This week we are updating our forecast for The Value Line Industrial Composite (last published in Selection & Opinion on November 6, 2009). The Industrial Composite represents the pooled results of 886 major industrial companies and provides a yardstick for evaluating the historical performance and future prospects of the diverse industrial businesses reviewed by Value Line. All of the companies included in the Composite must possess operating histories of at least eight years. Unlike Value Line's stock market averages, the Composite is weighted by company size. Forecasts for the Industrial Composite have been published in Selection & Opinion since July 11, 1975.
The Damage Done
The final tallies for 2009 are in, and as expected, earnings among the companies comprising the Industrial Composite declined for a second consecutive year. In fact, the profit downturn accelerated last year, as share net tumbled 22%, versus a relatively mild drop of 3% in the preceding year.
Volatility in the energy sector was one of the key factors behind the deterioration in results. After many years of surging profits, the tide turned in 2009, as reduced demand and lower commodity prices caused earnings to slump to levels last seen in 2004. In fact, about two-thirds of the decline in net profits for the Industrial Composite as a whole can be attributed to energy companies of which there are but 50. Share earnings were also hindered by a paucity of stock buybacks, as companies conserved their capital while waiting to see how the financial crisis and recession played out.
Still, even after pulling energy companies out of the equation, operating profits declined 8% in 2009, indicative of a difficult operating environment for U.S. industry as a whole. Revenues were particularly weak, falling 7% (excluding energy). On the positive side, operating margins held up nicely, given the pressure on the top line. This was likely at least partly attributable to the decline in commodity prices, from the elevated levels of mid-2008, but also reflects the aggressive efforts of many companies to realign their cost structures to the realities of a challenging economic climate.
On the Mend
With the recession apparently behind us, a partial profit recovery looks to be under way. Revenues are beginning to head higher at most companies, but the rate of growth, in the aggregate, is likely to be confined to the low single digits. Consumers will likely remain reluctant to return to the freer-spending ways that characterized much of the preceding decade until there are more indications of life in the housing and labor markets.

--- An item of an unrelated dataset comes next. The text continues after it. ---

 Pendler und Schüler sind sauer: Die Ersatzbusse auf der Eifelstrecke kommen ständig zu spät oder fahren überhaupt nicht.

Still, the incremental revenues, layered on top of streamline cost structures, should result in wider operating margins and a respectable 6%-8% advance in operating profits in 2010.
From a balance-sheet perspective, U.S. industry has emerged from the recession in fairly strong shape. Companies have been keeping a much closer watch on their capital in recent years, as reflected in lower capital spending and reduced share repurchases. Even dividend payouts, which had roughly doubled over the previous decade, were pared back in 2009.

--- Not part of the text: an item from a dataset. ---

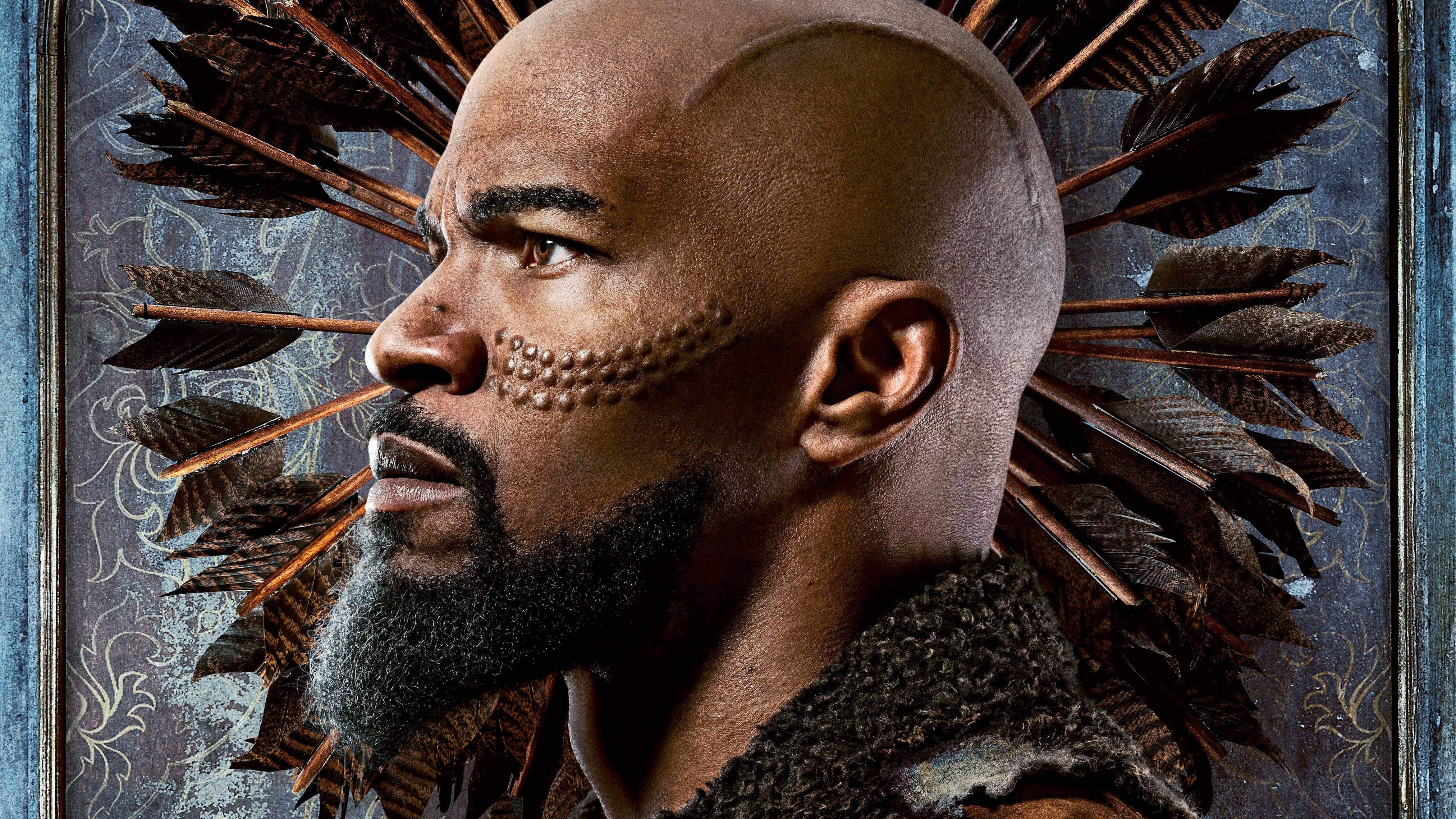 Jamie Foxx sa kanyang papel bilang Robin Hood sa 2018 film Wallpaper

As suggested by last year's results, the performance of individual sectors can deviate quite substantially from that of the broader Industrial Composite. Most notably, the past decade was a rollercoaster ride for energy companies: enjoyable, but at times unnerving. By our calculations, sector profits advanced by at least 40% in four of the past 10 years, though this same period also included two years in which the bottom line fell in excess of 35%, including a decline of 56% in 2009.

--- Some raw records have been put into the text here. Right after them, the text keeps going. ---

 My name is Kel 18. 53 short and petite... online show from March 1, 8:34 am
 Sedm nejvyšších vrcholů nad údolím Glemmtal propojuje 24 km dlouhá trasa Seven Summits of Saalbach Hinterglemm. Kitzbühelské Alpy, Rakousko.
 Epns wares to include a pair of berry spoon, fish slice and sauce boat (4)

By comparison, healthcare companies enjoyed relatively smooth sailing during the first decade of this century. Despite two recessions, the sector generated increased sales and earnings in each of the past 10 years. Admittedly the rate of growth slowed from the first to the second half of the decade (from the mid-teens to mid-single digits), suggesting that patent expirations and the deep recession of 2008-2009 took a toll. And, with the sector still sorting out the ramifications of recent legislation, the well-worn Wall Street maxim that past performance doesn't guarantee future results seems particularly appropriate here.